— What to do —
Copy the records below word for word, leaving out nothing.

Crawled caption data
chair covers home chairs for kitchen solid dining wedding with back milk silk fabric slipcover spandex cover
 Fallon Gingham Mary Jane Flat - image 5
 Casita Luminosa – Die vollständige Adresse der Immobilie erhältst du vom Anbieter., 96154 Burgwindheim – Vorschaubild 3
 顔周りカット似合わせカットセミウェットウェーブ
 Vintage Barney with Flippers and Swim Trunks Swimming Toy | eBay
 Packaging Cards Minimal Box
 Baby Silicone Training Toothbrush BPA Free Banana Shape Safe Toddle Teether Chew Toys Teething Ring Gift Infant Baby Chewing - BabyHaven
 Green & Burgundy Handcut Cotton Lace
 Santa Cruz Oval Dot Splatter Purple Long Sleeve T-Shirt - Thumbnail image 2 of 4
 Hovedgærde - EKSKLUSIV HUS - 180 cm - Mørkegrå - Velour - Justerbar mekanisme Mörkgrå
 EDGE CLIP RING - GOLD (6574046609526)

— Task output —
chair covers home chairs for kitchen solid dining wedding with back milk silk fabric slipcover spandex cover
 Fallon Gingham Mary Jane Flat - image 5
 Casita Luminosa – Die vollständige Adresse der Immobilie erhältst du vom Anbieter., 96154 Burgwindheim – Vorschaubild 3
 顔周りカット似合わせカットセミウェットウェーブ
 Vintage Barney with Flippers and Swim Trunks Swimming Toy | eBay
 Packaging Cards Minimal Box
 Baby Silicone Training Toothbrush BPA Free Banana Shape Safe Toddle Teether Chew Toys Teething Ring Gift Infant Baby Chewing - BabyHaven
 Green & Burgundy Handcut Cotton Lace
 Santa Cruz Oval Dot Splatter Purple Long Sleeve T-Shirt - Thumbnail image 2 of 4
 Hovedgærde - EKSKLUSIV HUS - 180 cm - Mørkegrå - Velour - Justerbar mekanisme Mörkgrå
 EDGE CLIP RING - GOLD (6574046609526)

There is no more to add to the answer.